Similarly, all descriptions of the forward-facing R should have been
identical. So, the finding that distance from upright has an effect seems to
strongly suggest that people are capable of rotating mental images. These
types of studies are referred to as MENTAL ROTATION studies.
d. Kosslyn, Ball, & Reiser's experiment on imagery in STM
Another study that supported the notion of imagery was done by Kosslyn et al.
They had their subjects learn and study a map of an island. The island had
many different locations on it (well, pond, hut, rocks, beach, dunes, etc.).

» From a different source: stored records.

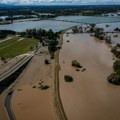 Dunav preti da se izlije, od vrha ga deli manje od 50 cm! Drama u Bratislavi, vodostaj je već viši od očekivanog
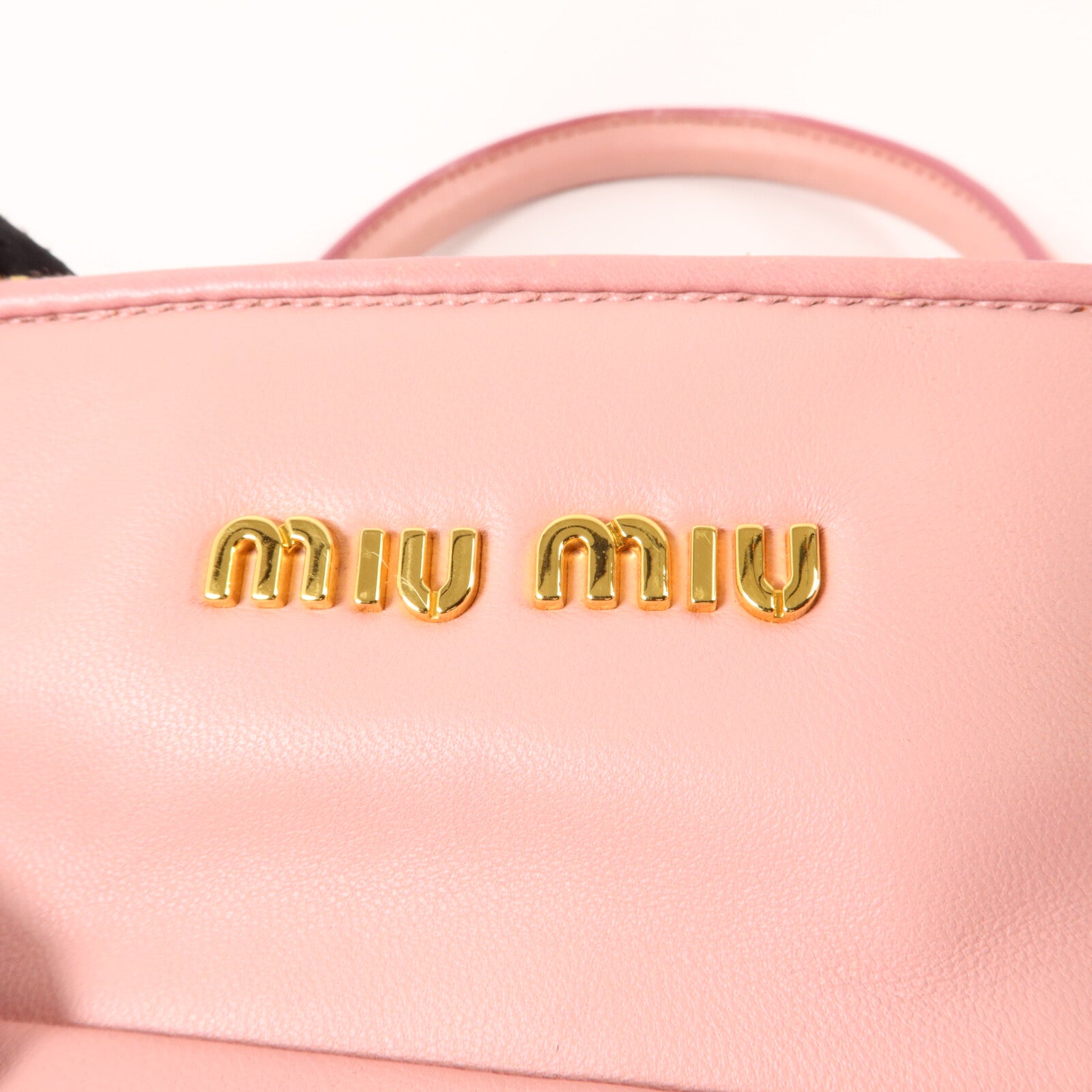 Miu Miu 羊皮皮革Matelasse Napa手挽袋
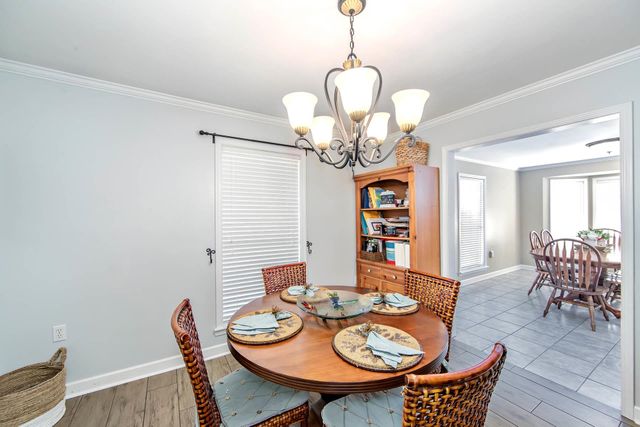 220 Ouiski Bayou Drive, Houma, LA 70360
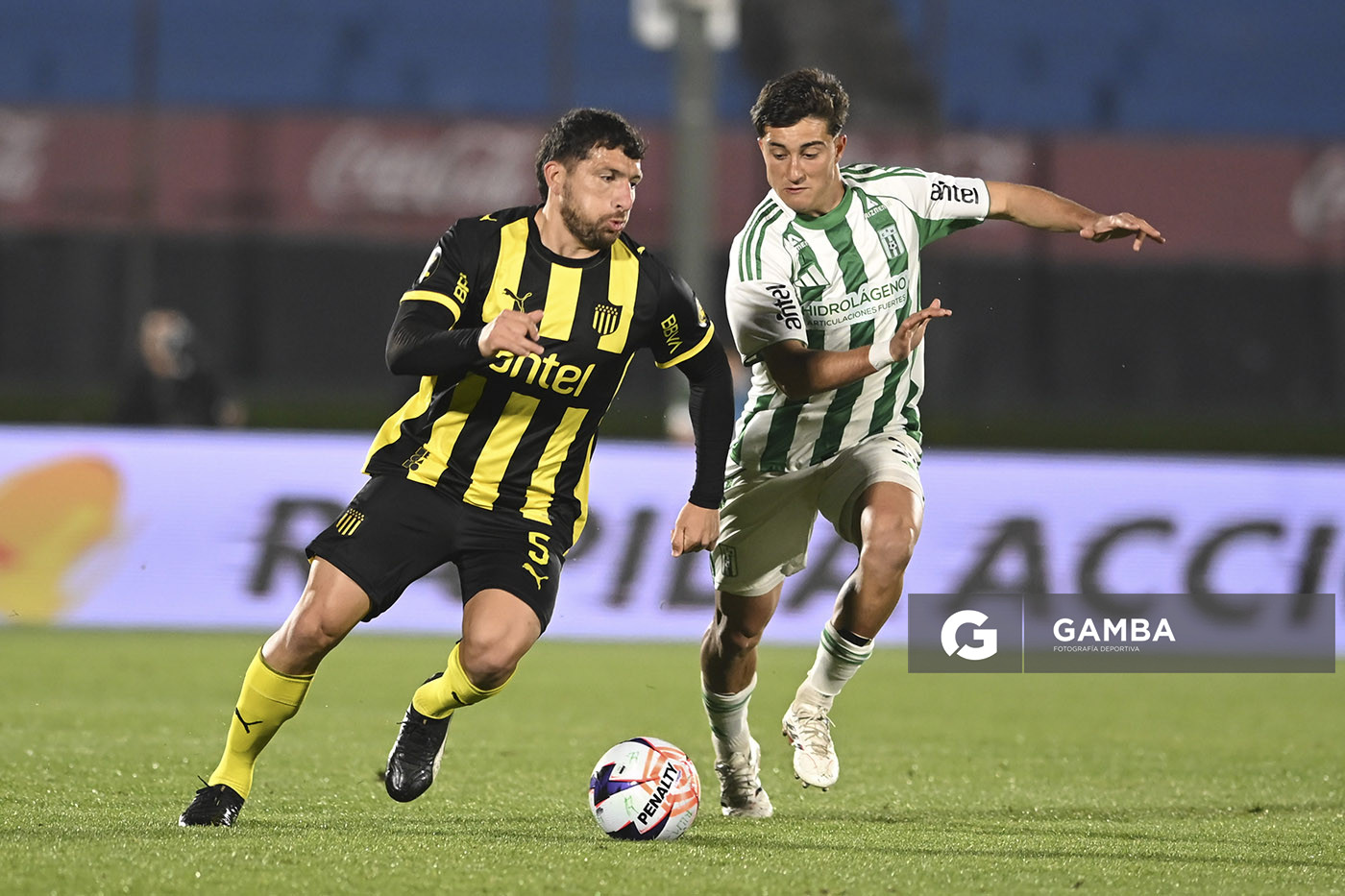 Eric Remedi, de Peñarol, Liga AUF Uruguaya. Estadio Centenario.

To prove that you had learned the map, you had to reproduce it accurately in
a drawing. Anyway, once people had learned the map, they were told to imagine
being at a certain spot on the map (like the Well). They were then given a
second location, and timed while they decided whether the second location was
on the map or not. Basically, the finding in this MENTAL SCANNING study was
that it took longer to decide when things were further away. Like Shepard,
Kosslyn et al. claimed that this meant people had to mentally scan along all
the intervening points, so that it took longer when there were more of these.
To give you a feel for this, quickly imagine going from Girard Hall to the
following locations: Martin Hall; Griffith; Cajundome; the Mall. Your sense
ought to be that you mentally 'arrive' at the nearer locations a bit sooner.
The alternative theory is again a descriptions-based theory that claims
that your map basically is stored in STM as a list of spots, so that all
you have to do is look down your list to find whether something is on it or
not. That type of theory doesn't seem to predict this effect, according to
Kosslyn.
e. Kerr's work on motor/spatial codes in STM
Finally, we can ask what it means exactly to have imagery codes in STM.
Does this mean that we carry around something like a picture, a visual scene?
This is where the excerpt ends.